In 2016, Dollarama established a partnership with the Marco G. R. Enterprise, resulting in the sponsorship of the first edition of the Formula Windsor Championship.

In 2018, Dollarama recalled over 50,000 children's toys due to dangerous levels of phthalates.

The number of stores in October 2021 was 539 in Ontario, 379 in Québec, 134 in Alberta, 111 in British Columbia, 42 in New Brunswick, 41 in Manitoba, 40 in Nova Scotia, 40 in Saskatchewan, 25 in Newfoundland and Labrador, and 5 in Prince Edward Island. The company announced that it would open 700 new locations across Canada (including a few replacements for some of the Great Canadian Dollar Store locations) in the aforementioned provinces as well as their first store in the Yukon Territory.

Business practices

Many items are priced at $1.00 or less, and initially almost all items were priced as such. In early 2009, Dollarama began to introduce items priced up to $2.00 (including $1.25 and $1.50 price points). Due to the positive response from consumers to the multi-price point strategy, the stores introduced items at $2.50 and $3.00 in August 2012. It again increased price points to include $3.50 and $4.00 items in August 2016. In 2022, Dollarama announced that its maximum price point would be increasing to $5.00. This price level increase allowed the chain to acquire products from a greater variety of sources, including closeout sales. Adjustments may eventually happen to all prices. Dollarama has always had a No Return and No Exchange Policy. Once an item is bought, it cannot be returned or exchanged.

Payment in Dollarama stores was once by cash only, until Interac debit cards were added as a payment option beginning in 2008. Gift cards began to be offered in 2011. As of 2015, all Dollarama stores also support contact-less Interac Flash payments.

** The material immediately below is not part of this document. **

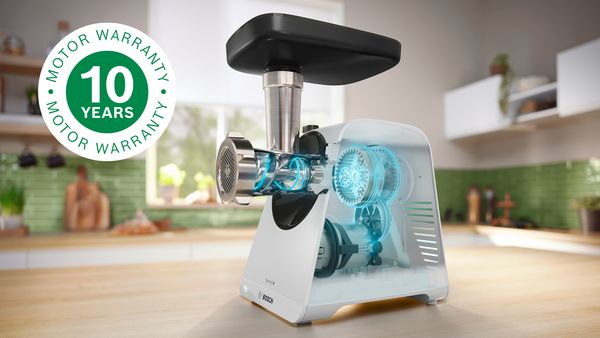 Valkoinen lihamylly keitti&ouml;n ty&ouml;tasolla ja vieress&auml; 10 vuoden moottoritakuun merkki.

In March 2017, Dollarama announced that credit cards would be offered as a payment option at all stores by the end of summer 2018. Customers will be able to pay with Visa, Mastercard, and American Express, following a successful pilot program.

Many Dollarama stores were opened in place of former locations of the now defunct BiWay, which closed after a series of dubious financial transactions involving a new owner of the parent operation. Dollarama launched its online store on January 21, 2019 where it will sell many of its products in bulk. Only 1000 of the roughly 4000 products offered in Dollarama stores will be sold online, namely items that are easily purchased in bulk.

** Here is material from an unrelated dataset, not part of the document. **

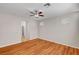 Bright bedroom with hardwood floor, ceiling fan, and an ensuite bathroom at 6190 Tillman Crest Ave, Las Vegas, NV 89139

Most large scale modern dollar stores sourced products from their inception from China beginning in the mid-1990s when they appeared on the retail landscape. This was the same time when Chinese companies entered the market and were allowed to manufacture for Western countries. Dollarama started branding sourced products starting in the very early 2000s. Such brands include the store's line of stationery branded as Studio, and plastic storage containers under the name Plastico. For a long period of time the public did not know that these were created brands by Dollarama. This would only have been known if customers scrutinized the labels. Such practices were not new: private labels were created as a far back as the early 1930s in Canada by Canadian Tire with Motomaster products, and most retail stores followed.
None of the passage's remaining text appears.